A manhã havia sido estranha, desperto antes do sol nascer, deixei-o dormindo e segui para meu antigo quarto, onde tomei um banho longo e me vesti, perdida em meus devaneios, volto a realidade com a voz suave e amável de minha mãe.
— Filha? — tocou meu ombro esquerdo suavemente.
— Sim? — olho para minhas mãos e percebo o pano de prato ali, respiro fundo e sorrio.
— Você está bem? — seu olhar denunciava a preocupação que sentia.
— Sim, está tudo ótimo — pego um prato já lavado e começo a secar, torcendo para que ela não fizesse perguntas que me levariam ao desconforto e possivelmente a uma resposta que não deveria dizer.
— Sebastian parece bem melhor — comenta. — Ainda está conversando com seu pai. Nem parece o homem fechado e inexpressivo que esteve aqui pela primeira vez.
— Os momentos foram difíceis, mas ele está lidando bem, irá se recuperar totalmente em breve — não a encaro, sei que mesmo que eu tente omitir, ela sabe que tem algo errado, e mesmo assim permite que eu me mantenha nessa onda de omissões.

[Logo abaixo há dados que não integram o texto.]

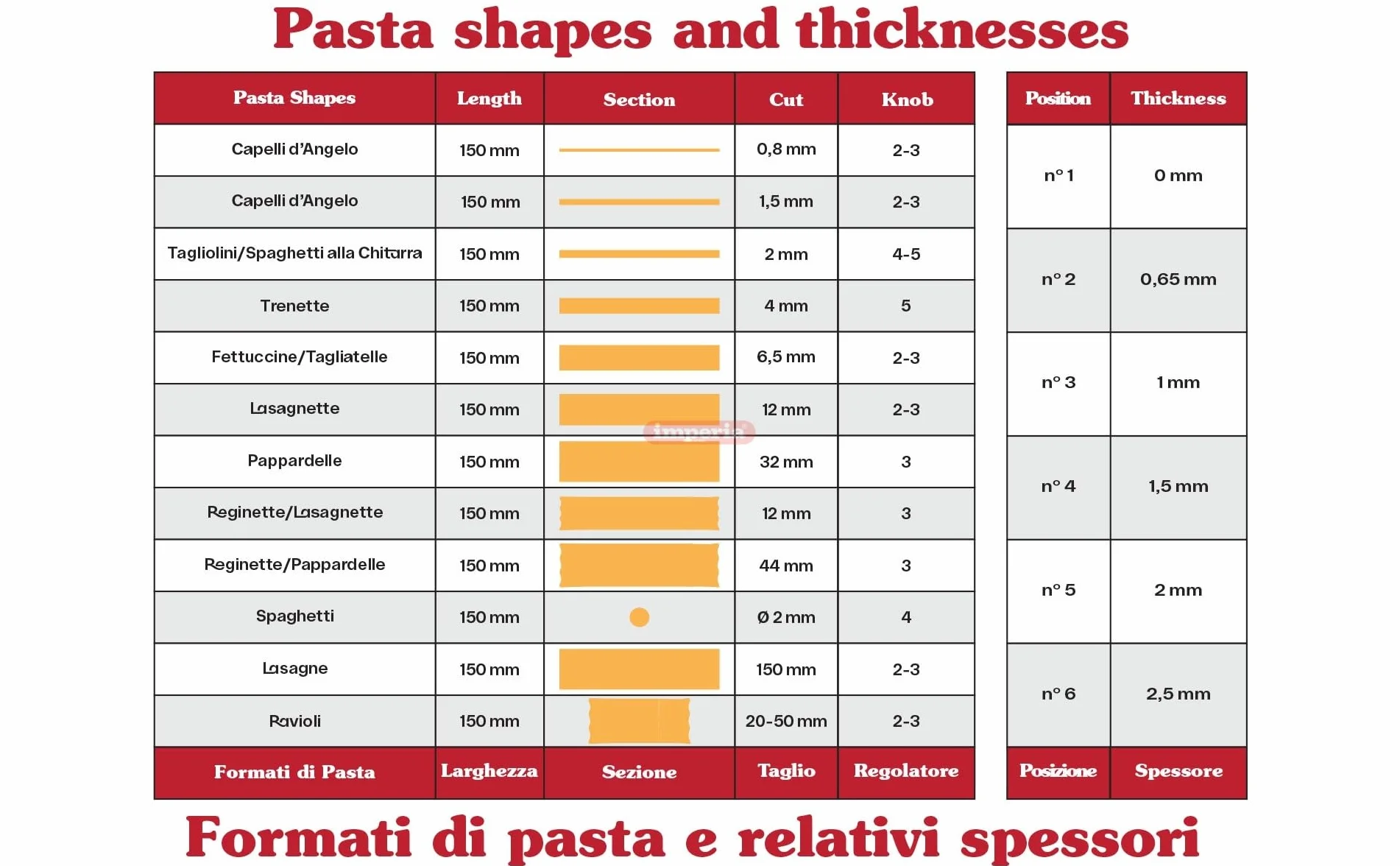 imperia® Ipasta La Classica kawałki fettuccine i tagliolini 2/6,5 mm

Termino de guardar a louça e me sento na cadeira, olhando cada centímetro da cozinha, absorvendo o conforto que me acompanhou por tantos anos, e agora, parece mais um lugar que eu não era mais digna.
Consigo ouvir atentamente as vozes distintas vindo da sala, a casa era pequena, portanto, era fácil ouvir, ao menos um pouco. O cheiro do café preencheu o ambiente, fico girando o anel em meu anelar direito, que havia sido substituído pela aliança de casamento que joguei fora.
— Você e Sebastian são apenas amigos? — minha mãe pergunta após longos minutos quieta.
— Sim — minto, mais uma vez.
Marta serviu uma xícara e me entregou, afagando meus cabelos como sempre fazia para me confortar, inalo o aroma gostoso do líquido escuro e fumegante, tomo um gole pequeno e tento relaxar, estava tensa desde que chegamos aqui.
— Vejo o jeito que ele te olha — diz, com um sorriso pequeno e olhos atentos. — Sei que tem algo que não vai me contar — segura minha mão, olhando para o anel antes de olhar fixamente para mim. — Você é uma mulher determinada, corajosa e incrível. Tenho muito orgulho da mulher que se tornou, querida — meus olhos marejam de imediato, seguro a vontade irrefreável de chorar. — O que passou e está passando, vai conseguir superar — apertou sutilmente minha mão. — Que Deus esteja sempre com você, cuidando para que mal algum lhe afete, mas que te ensine o que com certeza já deve estar aprendendo.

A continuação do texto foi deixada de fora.